Jo Halbig: Nach 14 Jahren Bandkarriere ist es schwierig, ein Set zu bauen, das für 1,5 Stunden eine perfekte Mischung bietet. Wir haben mittlerweile schon so viele Songs und daher müssen wir natürlich aussortieren, aber es werden definitiv auch Songs von früher dabei sein. Ich denke, das Set wird sich immer wieder unterscheiden. 

regioactive.de: Was können die Fans auf den Konzerten noch von euch erwarten?

Jo Halbig: Was wir mit "High" das erste Mal machen werden und was es bis dato noch nie gab: Wir werden das komplette Album live spielen. Meistens ist es ja so, dass einige Songs rausfliegen, weil man live nicht wirklich Bock darauf hat. Auf jeden Fall erwartet die Fans zum ersten Mal eine große Tour als Trio. Wir waren ja vorher lange Zeit mit einem Live-Bassisten unterwegs. Seit 1,5 Jahren spiele ich ja Bass, somit sind wir jetzt live die reinste Form einer Rock-Band und werden das auch entsprechend auf der Bühne umsetzen.

regioactive.de: Habt ihr eine große Fangemeinde in Frankreich?
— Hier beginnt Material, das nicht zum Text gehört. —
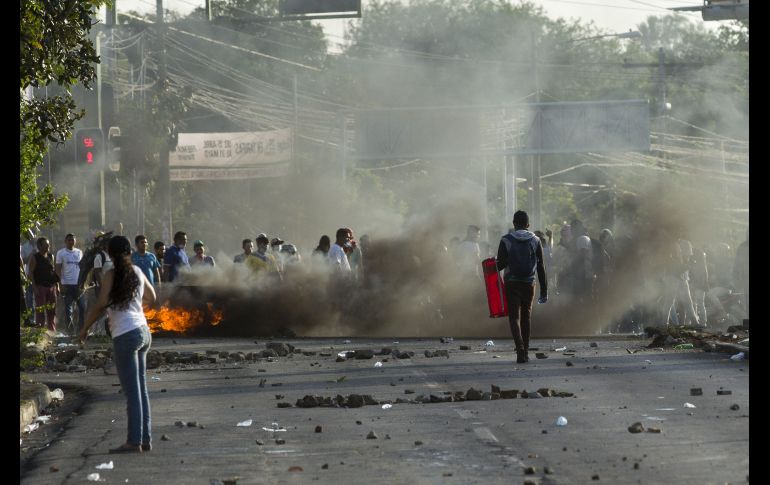 Nicaragua amaneció este sábado con restos de neumáticos quemados, piedras y escombros en las calles, y con policías antidisturbios. EFE / J. Torres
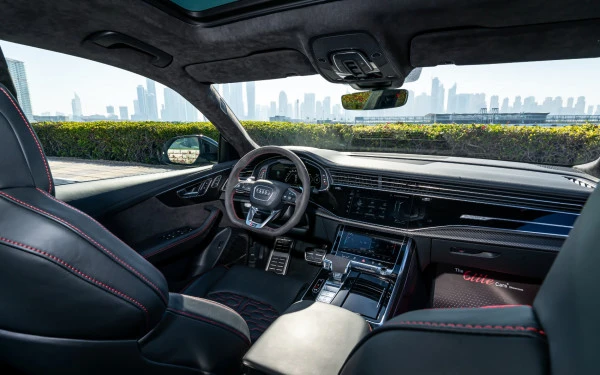  White Audi RSQ8 Photo 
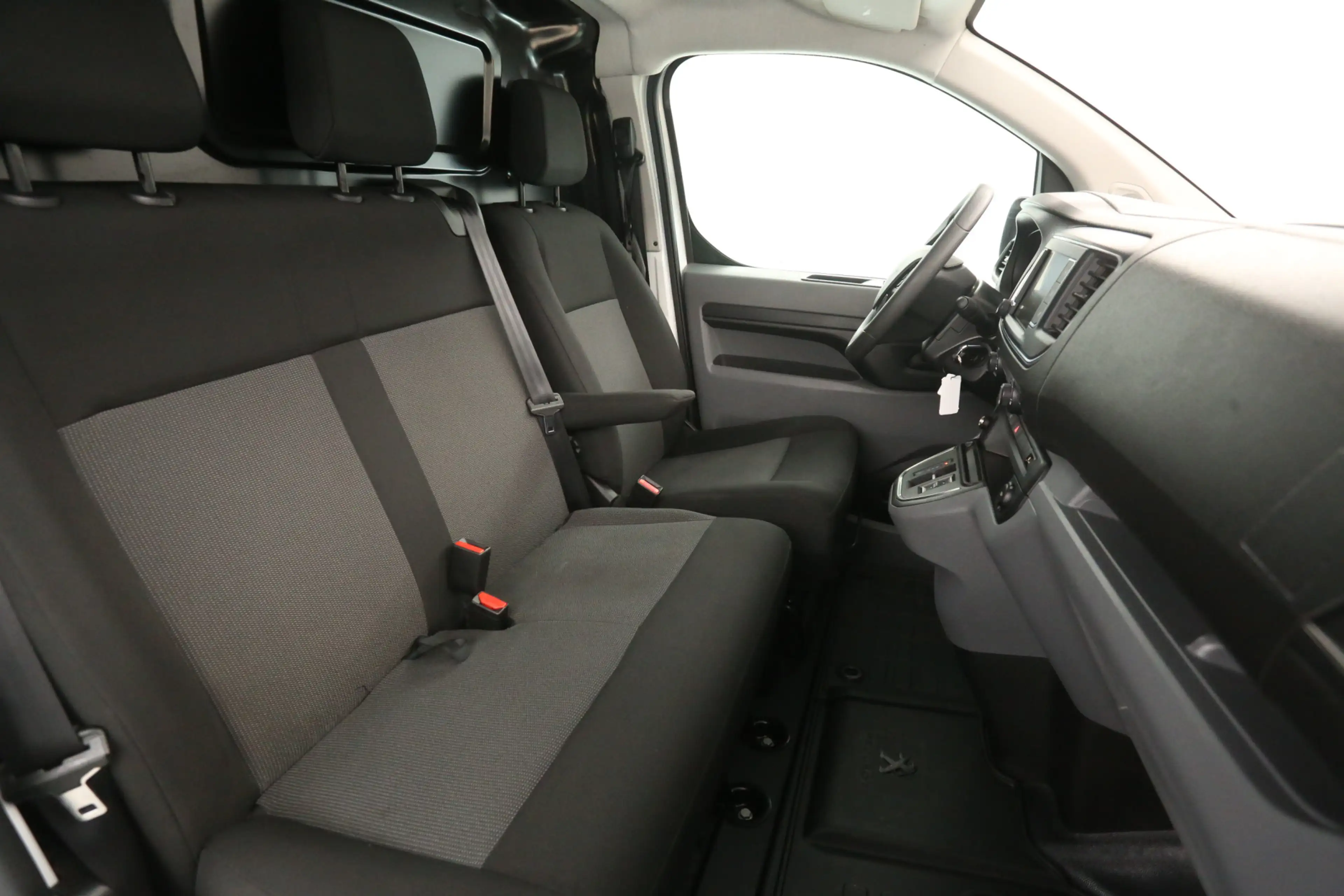 Peugeot e-Expert 75 kWh L3H1 | Snelladen | SOH 92% | Airco | Camera — photo 12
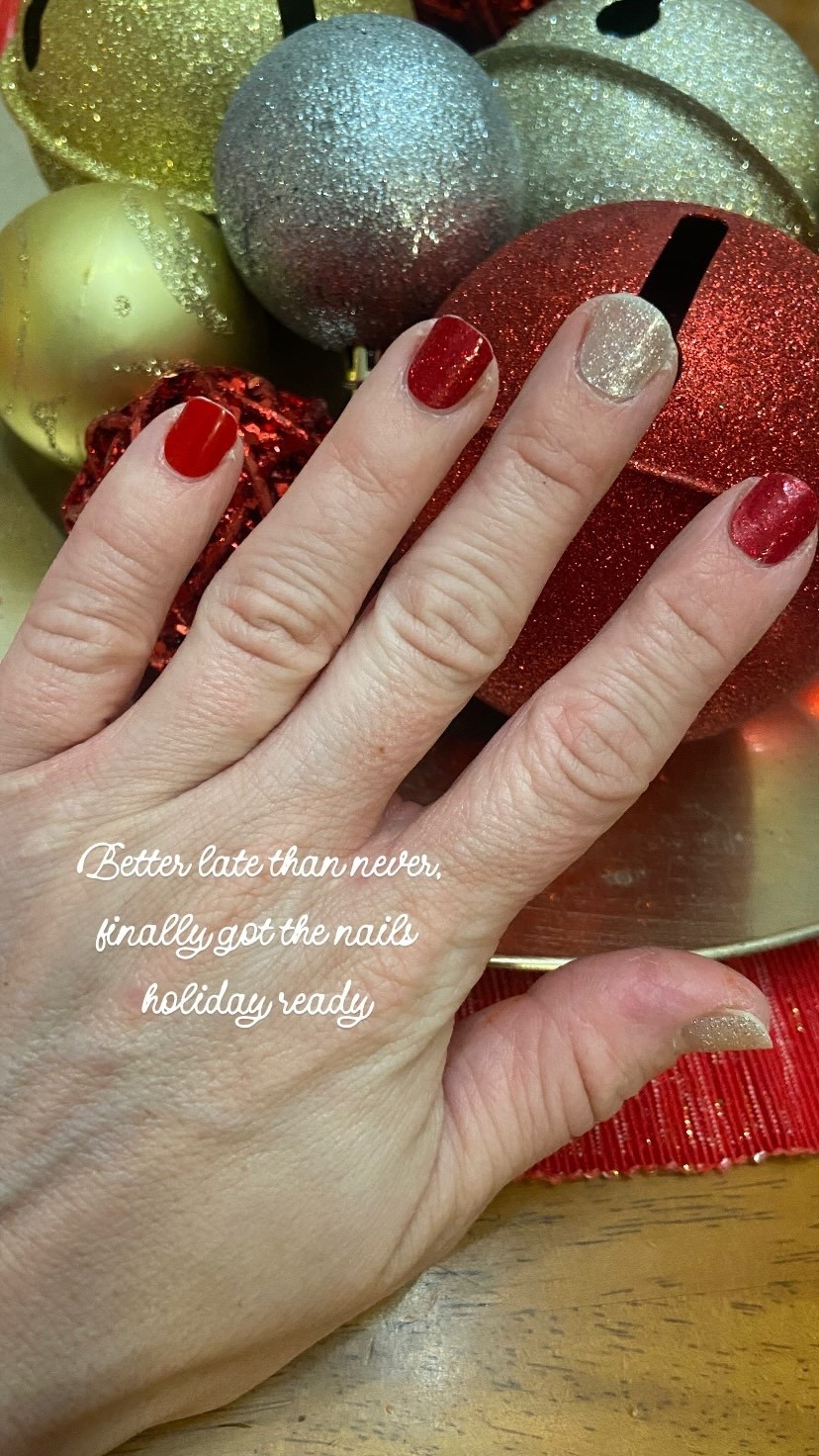 Better late than never, finally got the nails holiday ready. I used a mix of dashing diva nail strips. 




#LTKBeauty #LTKHoliday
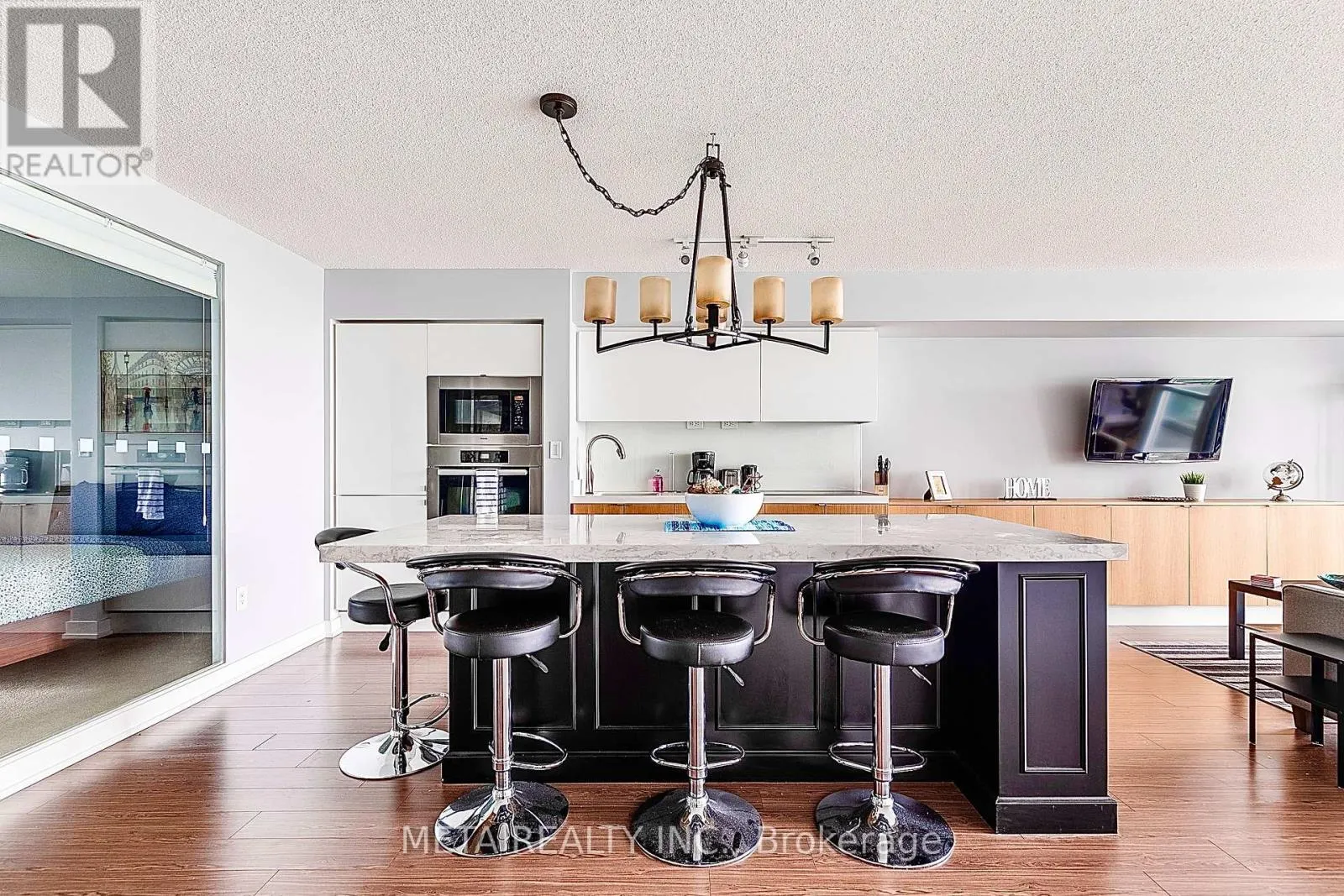 902 - 151 DAN LECKIE WAY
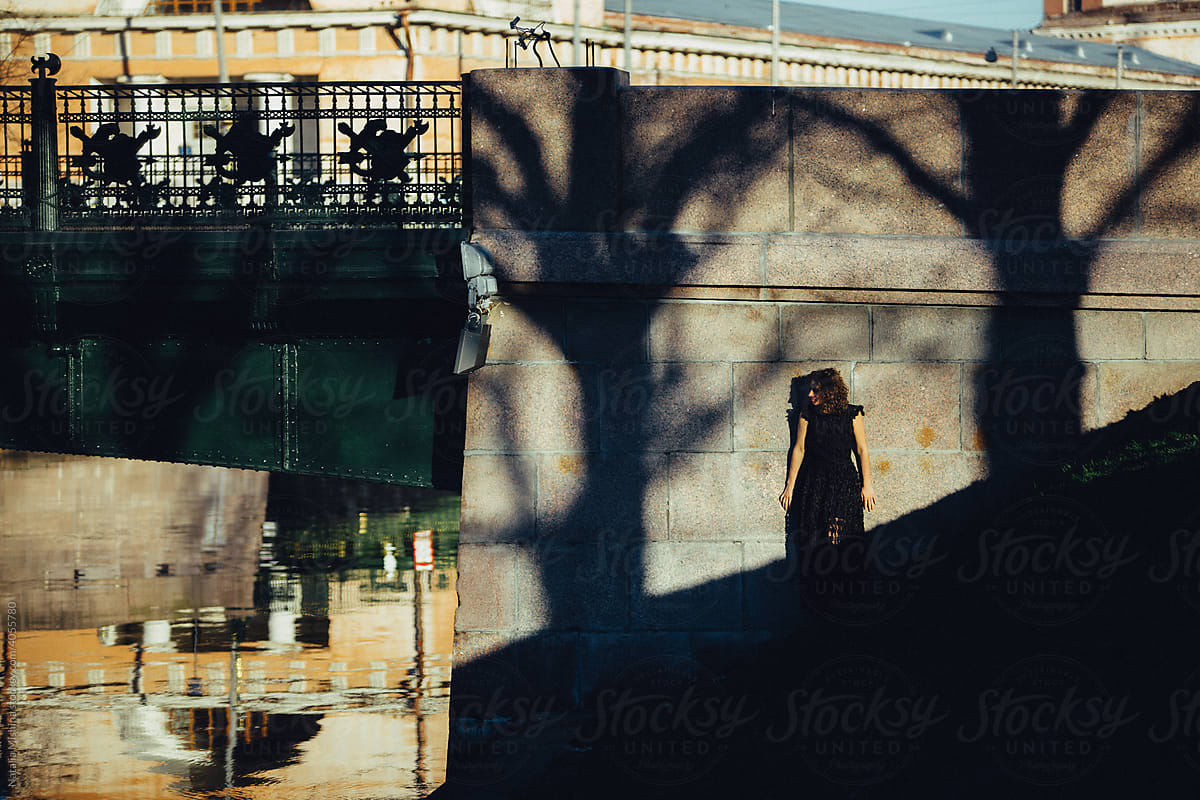 A girl walks around the city.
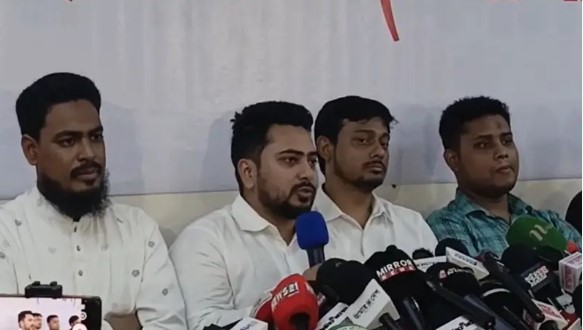 উপদেষ্টা মাহফুজ-আসিফের সঙ্গে এনসিপির কোনো সম্পর্ক নেই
Jo Halbig: Ja, tatsächlich. In Frankreich haben wir unsere größte Fanbase im Ausland, auch Russland ist vorne mit dabei. Wir spielen auch auf dieser Tour wieder zwei Konzerte in Lyon und Paris. Es ist ein schönes Privileg, dass wir sozusagen als Urlaubsreise dorthin fahren dürfen. Es gibt dort tatsächlich Fans, die wegen uns Deutsch lernen. Es ist super spannend, weil wir uns das selber nicht wirklich erklären können. Auf jeden Fall ist es eine tolle Erfahrung.

regioactive.de: Lebt ihr eigentlich hauptsächlich von der Musik?

Jo Halbig: Wir leben größtenteils schon von der Musik, aber trotzdem macht jeder von uns nebenbei noch unnglaublich viele andere Sachen. Fabi hat nebenbei Film studiert und schauspielert noch, wenn er Zeit findet, falls Max und ich im Studio sind. Ich veranstalte zu Hause in München Events und Partys, wenn wir nicht gerade auf Tour sind. Es ist uns wichtig, breit aufgestellt zu sein und nicht komplett Tag und Nacht für die Band da zu sein, da man von den anderen Projekten auch Inspirationen erhält. Ich glaube, dass wir Typen sind, die nur ungern still herumsitzen. Ich will zum Beispiel demnächst auch anfangen, ein Buch zu schreiben. Es gibt also zahlreiche Dinge, die wir machen, anders als andere Bands, die zwischen Tour und Studio nur zu Hause rumhängen und DVDs schauen.